Re: Best way to present data collected by Flume through Spark

2016-09-16 Thread Mich Talebzadeh
Hi Sean,

At the moment I am using Zeppelin with Spark SQL to get data from Hive. So
any connection here using visitation has to be through this sort of API.

I know Tableau only uses SQL. Zeppelin can use Spark sql directly or
through Spark Thrift Server.

The question is a user may want to create a join or something involving
many tables and the preference would be to use some sort of database.

In this case Hive is running on Spark engine so we are not talking about
Map-reduce and the associated latency.

That Hive element can be easily plugged out. So our requirement is to
present multiple tables to dashboard and let the user slice and dice.

The factors are not just speed but also the functionality. At the moment
Zeppelin uses Spark SQL. I can get rid of Hive and replace it with another
but I think I still need to have a tabular interface to Flume delivered
data.

I will be happy to consider all options

Thanks

Dr Mich Talebzadeh



LinkedIn * 
https://www.linkedin.com/profile/view?id=AAEWh2gBxianrbJd6zP6AcPCCdOABUrV8Pw
*



http://talebzadehmich.wordpress.com


*Disclaimer:* Use it at your own risk. Any and all responsibility for any
loss, damage or destruction of data or any other property which may arise
from relying on this email's technical content is explicitly disclaimed.
The author will in no case be liable for any monetary damages arising from
such loss, damage or destruction.



On 16 September 2016 at 08:46, Sean Owen  wrote:

> Why Hive and why precompute data at 15 minute latency? there are
> several ways here to query the source data directly with no extra step
> or latency here.
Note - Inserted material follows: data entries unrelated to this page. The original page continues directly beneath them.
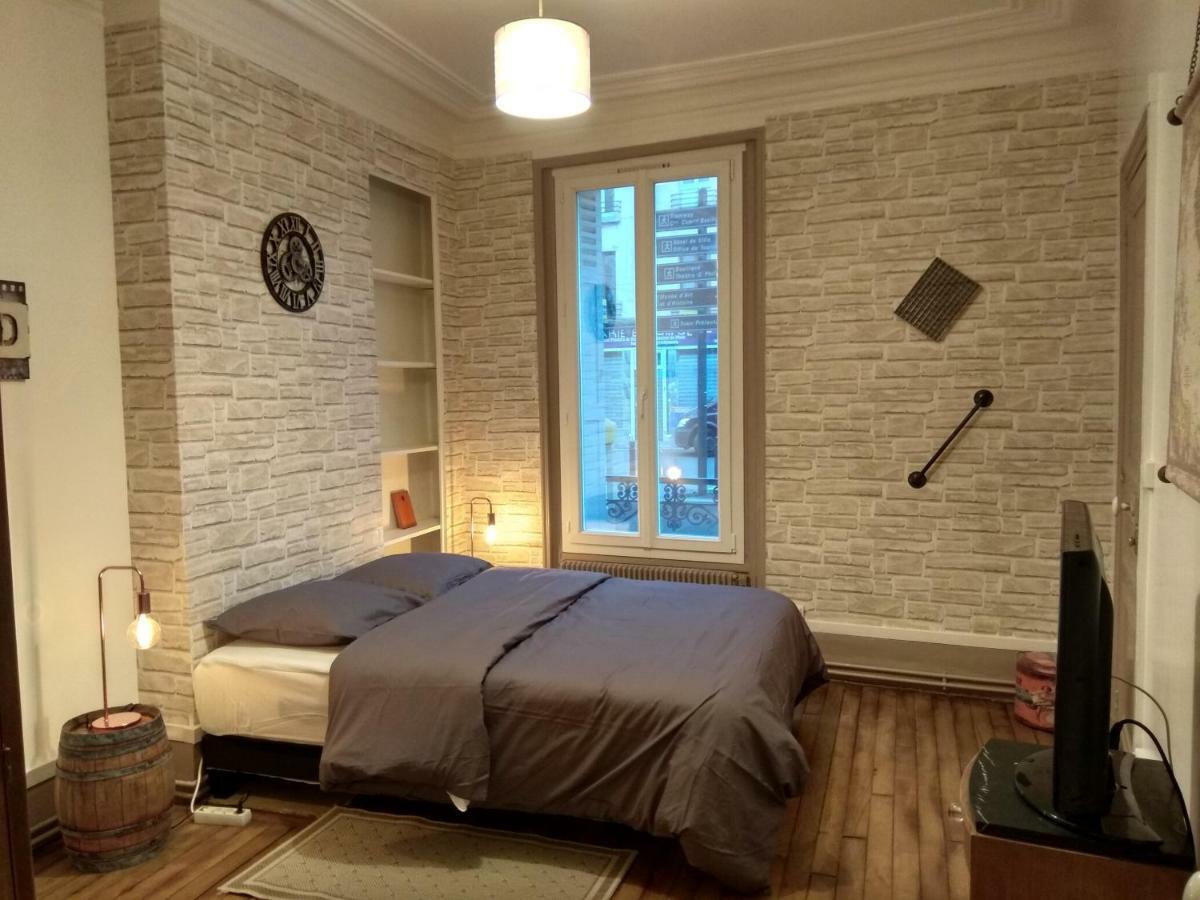 Chic Apart In Paris Apartman Saint-Denis  Kültér fotó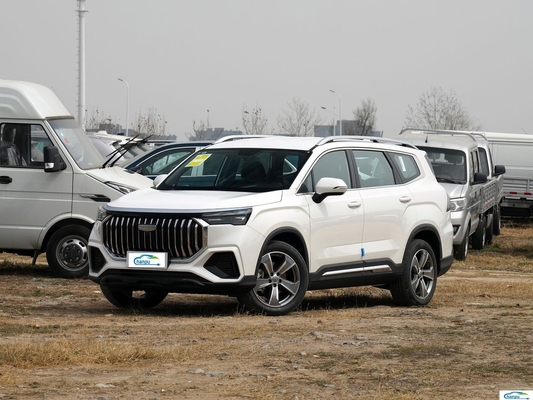 Passagiers Midden SUV Alternator Starter Motor Zonnedak voor Geely Yuehao L Benzinauto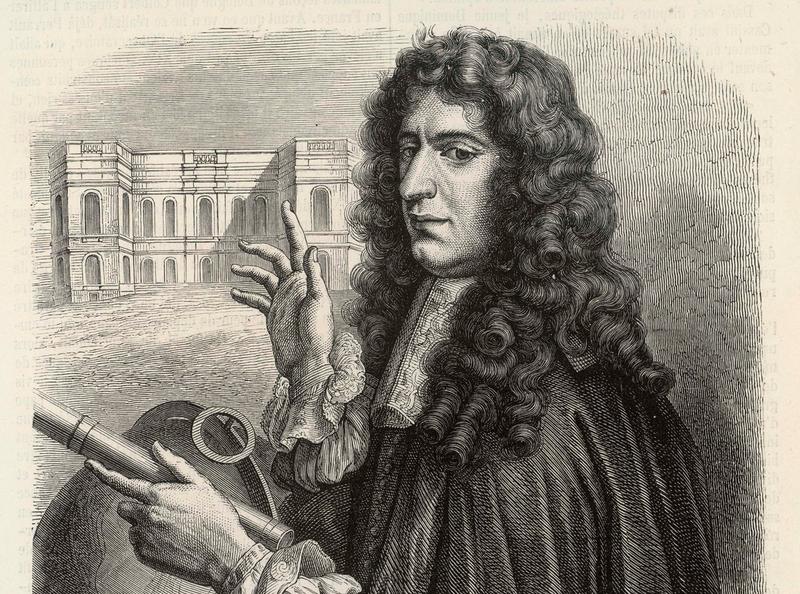 Giovanni Cassini, Foto: Mary Evans Picture Library / Mary Evans Picture Library / Profimedia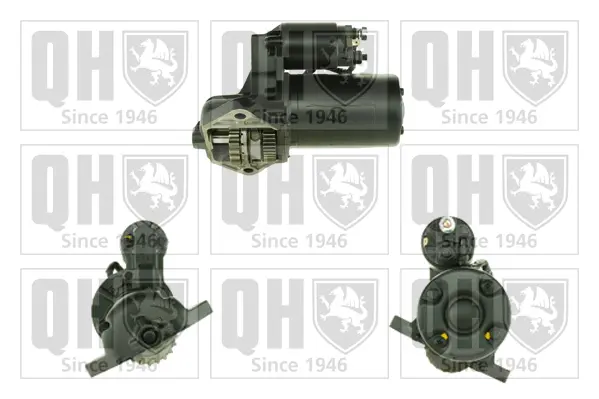 стартер QUINTON HAZELL      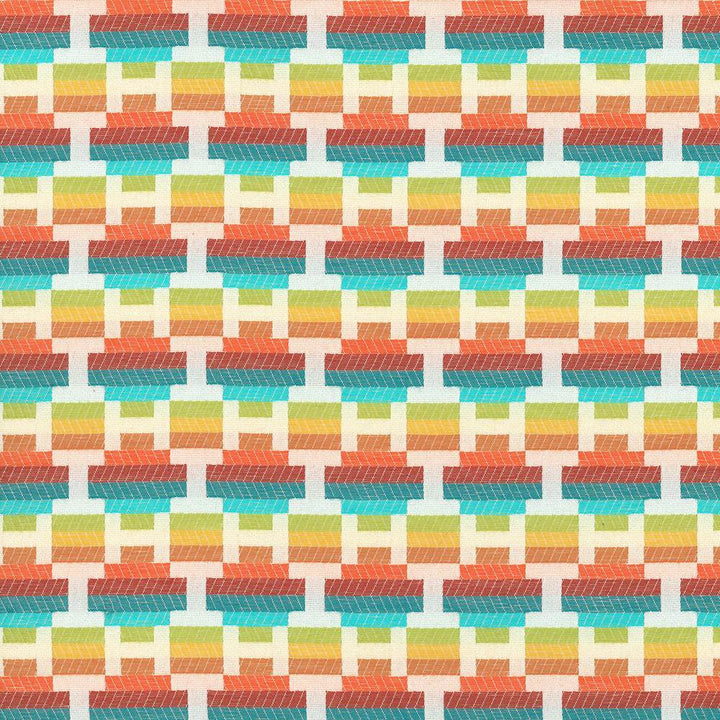 Ixtapa Tropical by Kasmir Fabric 5070 62% Polyester
38% Rayon
 USA </p><p>Repeat: Horizontal: 1 6/8 inches and Vertical: 1 5/8 inches 54 - Fabric Carolina -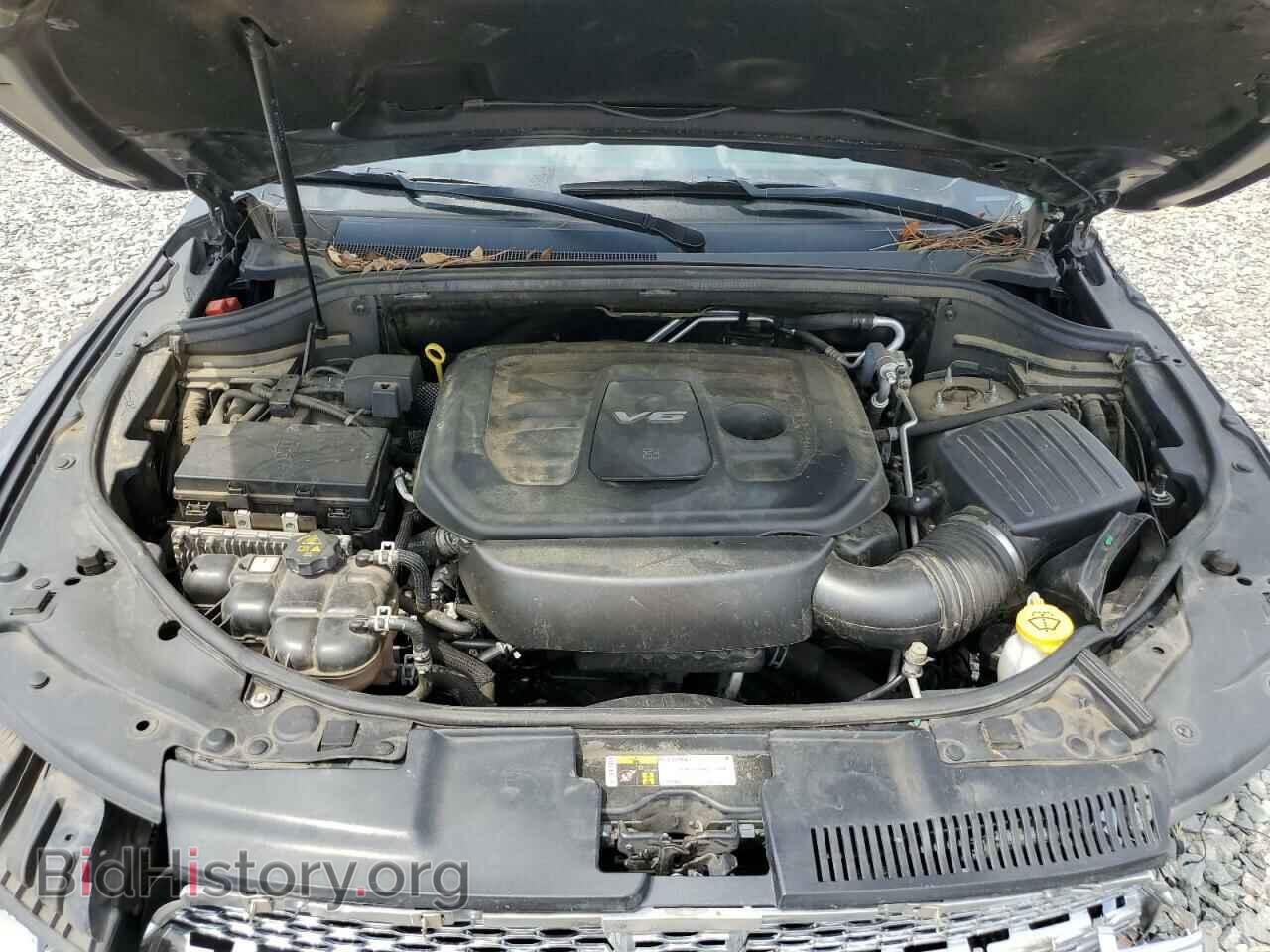 2016 DODGE DURANGO - VIN: 1C4RDHEG1GC346597 - Фото 12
Even Spark SQL is real-time-ish for queries on the
> source data, and Impala (or heck Drill etc) are.
>
> On Thu, Sep 15, 2016 at 10:56 PM, Mich Talebzadeh
>  wrote:
> > OK this seems to be working for the "Batch layer". I will try to create a
> > functional diagram for it
> >
> > Publisher sends prices every two seconds
> > Kafka receives data
> > Flume delivers data from Kafka to HDFS on text files time stamped
> > A Hive ORC external table (source table) is created on the directory
> where
> > flume writes continuously
> > All temporary flume tables are prefixed by "." (hidden files), so Hive
> > external table does not see those
> > Every price row includes a timestamp
> > A conventional Hive table (target table) is created with all columns from
> > the external table + two additional columns with one being a timestamp
> from
> > Hive
> > A cron job set up that runs ever 15 minutes  as below
> > 0,15,30,45 00-23 * * 1-5 (/home/hduser/dba/bin/populate_marketData.ksh
> -D
> > test > /var/tmp/populate_marketData_test.err 2>&1)
> >
> > This cron as can be seen runs runs every 15 minutes and refreshes the
> Hive
> > target table with the new data. New data meaning the price created time >
> > MAX(price created time) from the target table
> >
> > Target table statistics are updated at each run. It takes an average of 2
> > minutes to run the job
> > Thu Sep 15 22:45:01 BST 2016  === Started
> > /home/hduser/dba/bin/populate_marketData.ksh  ===
> > 15/09/2016 22:45:09.09
> > 15/09/2016 22:46:57.57
> > 2016-09-15T22:46:10
> > 2016-09-15T22:46:57
> > Thu Sep 15 22:47:21 BST 2016  === Completed
> > /home/hduser/dba/bin/populate_marketData.ksh  ===
> >
> >
> > So the target table is 15 minutes out of sync with flume data which is
> not
> > bad.
> >
> > Assuming that I replace ORC tables with Parquet, druid whatever, that
> can be
> > done pretty easily. However, although I am using Zeppelin here, people
> may
> > decide to use Tableau, QlikView etc which we need to think about the
> > connectivity between these notebooks and the underlying database. I know
> > Tableau and it is very SQL centric and works with ODBC and JDBC drivers
> or
> > native drivers. For example I know that Tableau comes with Hive supplied
> > ODBC drivers. I am not sure these database have drivers for Druid etc?
> >
> > Let me know your thoughts.
> >
> > Cheers
> >
> > Dr Mich Talebzadeh
> >
>


Re: Best way to present data collected by Flume through Spark

2016-09-16 Thread Sean Owen
Why Hive and why precompute data at 15 minute latency? there are
several ways here to query the source data directly with no extra step
or latency here. Even Spark SQL is real-time-ish for queries on the
source data, and Impala (or heck Drill etc) are.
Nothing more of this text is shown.